As Lord’s Day 42 of the Heidelberg Catechism shows, the eighth commandment has to do with so much more than just the crime of stealing. The concepts of selflessness, generosity, and good stewardship are all present in the exposition of this command. Today in URC Psalmody’s continuing series we consider the words of this Lord’s Day.
110 Q. What does God forbid in the eighth commandment?
A. He forbids not only outright theft and robbery,
punishable by law.
But in God’s sight theft also includes
cheating and swindling our neighbor
by schemes made to appear legitimate,
inaccurate measurements of weight, size, or volume;
or any means forbidden by God.
In addition he forbids all greed
and pointless squandering of his gifts.
111 Q. What does God require of you in this commandment?
A. That I do whatever I can
for my neighbor’s good,
that I treat him
as I would like others to treat me,
and that I work faithfully
so that I may share with those in need.
136, “God Loveth the Righteous, His Goodness is Sure” (Psalm 73)
“But in God’s sight theft also includes cheating and swindling our neighbor by schemes made to appear legitimate.” Although theft is the most obvious violation of the eighth commandment, the Catechism probes deeper to reveal that the subtlest deceit or fraud on our part is equally condemnable. As Asaph laments in Psalm 73, these “schemes made to appear legitimate” often garner great prosperity for the wicked in this life. However, he also realizes that God’s wrath will certainly fall upon those who practice such sins. Here are selected stanzas from the Psalter Hymnal:
The wicked are prospered and firm in their strength,
No pangs do they suffer, though death come at length;
They are not in trouble as other men are,
The plagues of their fellows they view from afar.
In garments of boasting and violence decked,
With wealth more abundant than heart could expect,
They scoff, and the helpless they proudly oppress,
The heavens and the earth they assume to possess.
The wicked, grown wealthy, have comfort and peace,
While I, daily chastened, see troubles increase,
And, wronging God’s children, I cried in my pain,
That clean hands are worthless and pure hearts are vain.
I went to God’s temple: my doubts were dispelled,
The end of life’s journey I clearly beheld;
I saw in what peril ungodly men stand,
With sudden destruction and ruin at hand.
157, “There Where the Judges Gather” (Psalm 82)

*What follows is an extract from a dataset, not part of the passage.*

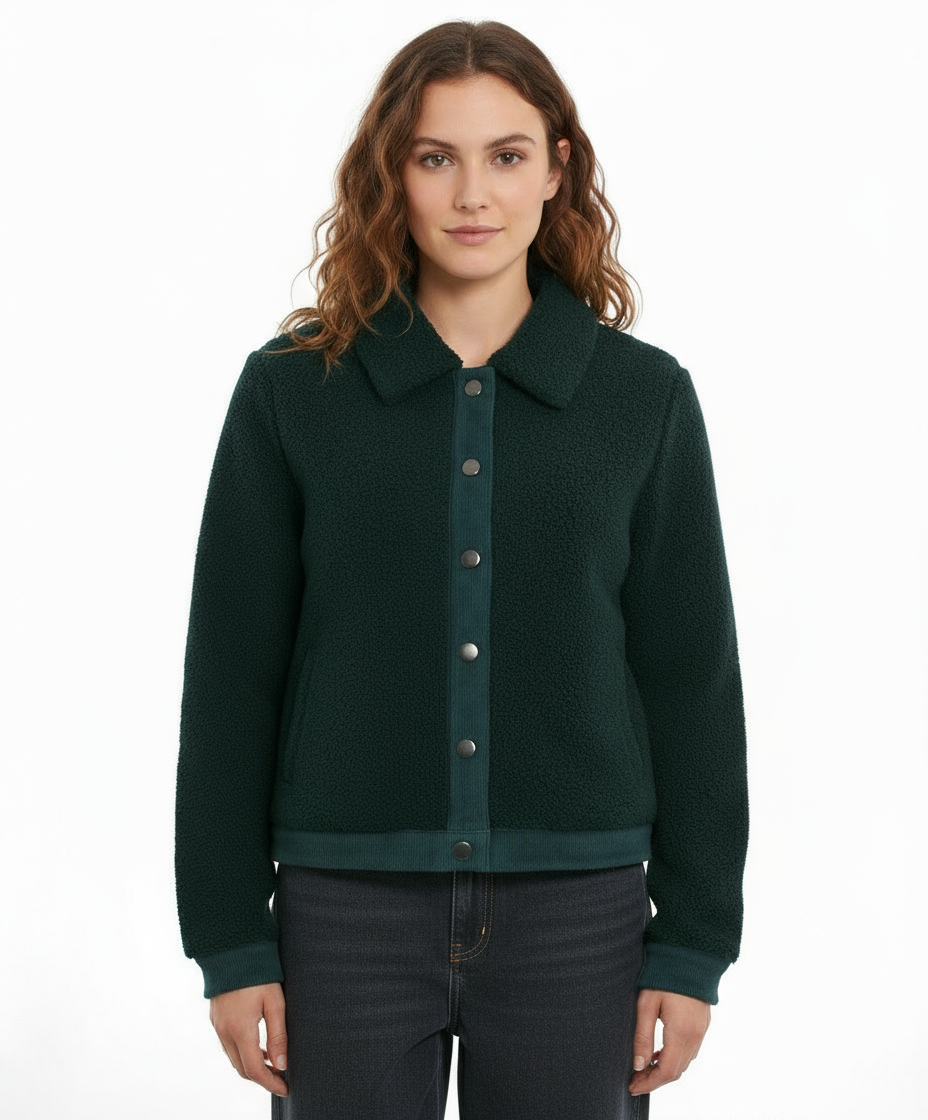 Skies Are Blue Faux Shearling Jacket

“In addition he forbids all greed and pointless squandering of his gifts.” Psalm 82 is a bold declaration of God’s wrath against men who use their power for selfish gain rather than benevolence. God owns the very peoples themselves (stanza 3); how much more their puny stashes of wealth!
There where the judges gather
A Greater takes His seat;
How long, He asks the judges,
Will ye pronounce deceit?
How long respect the persons
Of them of ill repute?
How long neglect the orphaned,
The poor and destitute?
Deal justly with the needy,
Protect the fatherless,
Deliver the afflicted
From those who would distress.
But you are wholly blinded,
You do not understand;
Therefore foundations totter,
Injustice rocks the land.
He speaks: I named you rulers,
Sons of the Most High God;
But you shall die as mortals,
And perish by My rod.
Arise, Thou God of judgment,
Thy sovereignty make known;
For Thine shall be the nations,
The peoples Thou shalt own.
11, “Jehovah, My God, on Thy Help I Depend” (Psalm 7)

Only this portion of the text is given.